Что вы скажите объ этомъ отрывкѣ? Не угадываете-ли вы изъ него, хотя приблизительно, характеръ этого необыкновеннаго человѣка? Что касается до насъ, то намъ кажется, что въ этомъ изображеніи школьной жизни таится содроганіе при воспоминаніи объ мрачныхъ годахъ затворничества. А между-тѣмъ, Эдгаръ Поэ пишетъ въ такомъ духѣ, какъ-будто онъ не испыталъ всей тяжести годовъ затворничества, всей болѣзненности несчастнаго и покинутаго дѣтства, непріятнаго ощущенія боязни, вражды товарищей, грустнаго сиротства сердца, однимъ словомъ, всѣхъ этихъ мучительныхъ страданій юныхъ лѣтъ. Столько причинъ къ грусти — и онѣ не могли его побѣдить. Будучи молодъ, онъ любитъ одиночество, или лучше сказать, онъ не чувствуетъ его; собственныя страсти доставляютъ ему наслажденіе. Плодотворный мозгъ ребенка-Поэ во всемъ видитъ одно пріятное, на все бросаетъ самый яркій колоритъ. Изъ этого тотчасъ можно заключить, что сила воли и самостоятельная гордость будутъ играть важную роль въ его жизни. Еще болѣе! Нельзя развѣ изъ его собственныхъ словъ замѣтить, что онъ любитъ страданіе, что онъ какъ-будто вызываетъ къ себѣ будущую подругу своей жизни и выжидаетъ ея появленія съ какимъ-то упоительнымъ равнодушіемъ, какъ юный гладіаторъ? Бѣдный ребенокъ не имѣетъ ни отца, ни матери, а между-тѣмъ онъ счастливъ; онъ даже съ гордостію говоритъ, что воображеніе его полно впечатлѣній, какъ карѳагенская медаль.

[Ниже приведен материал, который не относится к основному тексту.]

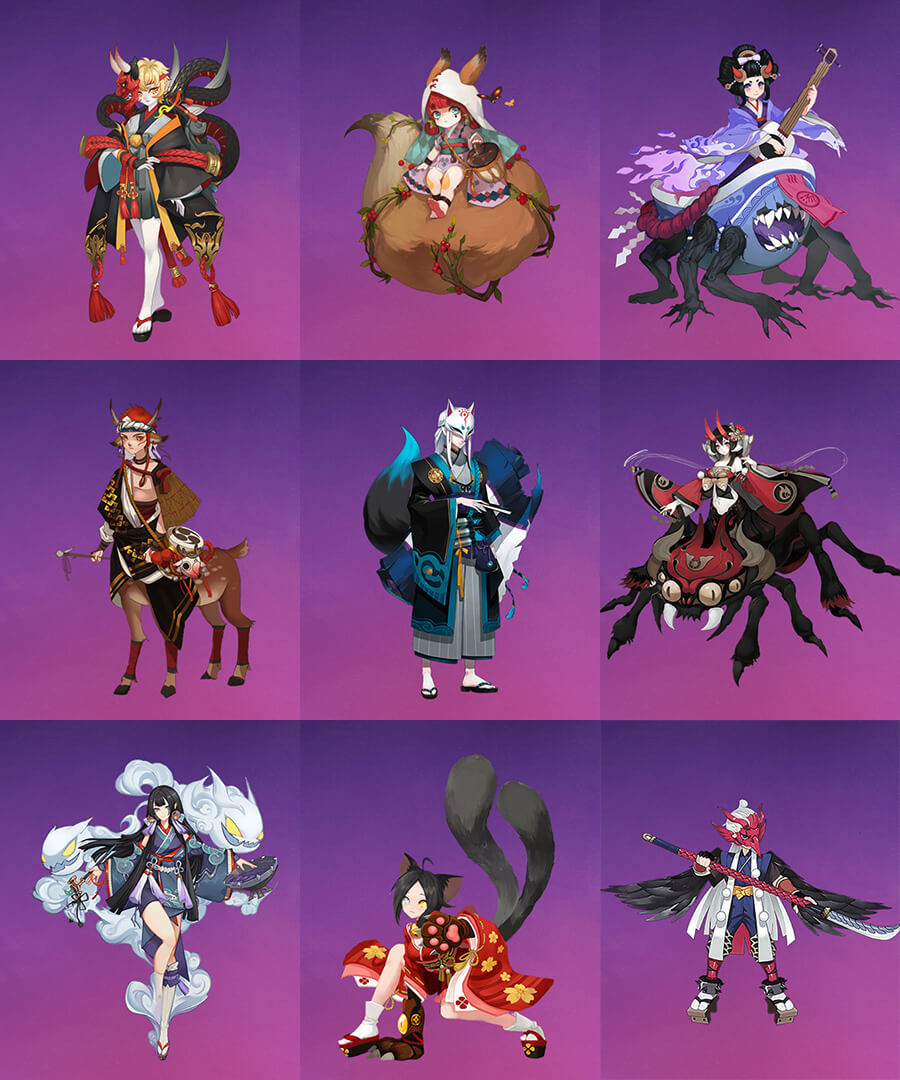 Onmyoji Arena November 9th Update FREE SHIKIGAMI LINEUP ADJUSTMENTS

Въ 1822 году Эдгаръ Поэ возвратился изъ заведенія доктора Брандсбея въ Ричмондъ, гдѣ онъ продолжалъ брать уроки у самыхъ лучшихъ учителей. Въ это время онъ отличался необыкновенною гибкостью и ловкостью тѣла, соединяя въ себѣ съ достоинствами самой оригинальной красоты, силу поэтическаго ума и слишкомъ раннее дарованіе къ фантастическимъ импровизаціямъ. Въ 1825 году, онъ поступилъ въ Виргинійскій университетъ. Здѣсь Эдгаръ Поэ обнаружилъ сильную наклоность къ разсѣянной жизни. Однако, онъ успѣлъ скоро заслужить славу отличнаго ученика и оказалъ неимовѣрные успѣхи въ математикѣ. Преимущественно онъ имѣлъ большую способность къ изученію физики и всѣхъ естественныхъ наукъ, что не мѣшаетъ принять къ свѣдѣнію, потому-что во многихъ его произведеніяхъ, находятся мѣста, гдѣ онъ пускается въ ученость; при всемъ томъ, Поэ любилъ упиваться дарами земли, играть въ карты и дѣлалъ столько проказъ, что наконецъ былъ выгнанъ изъ университета. Такъ какъ господинъ Элленъ отказался платить за него долги, онъ рѣшился на отчаянный поступокъ и убѣжалъ въ Грецію. Это была эпоха Боцариса и освобожденія Эллиновъ.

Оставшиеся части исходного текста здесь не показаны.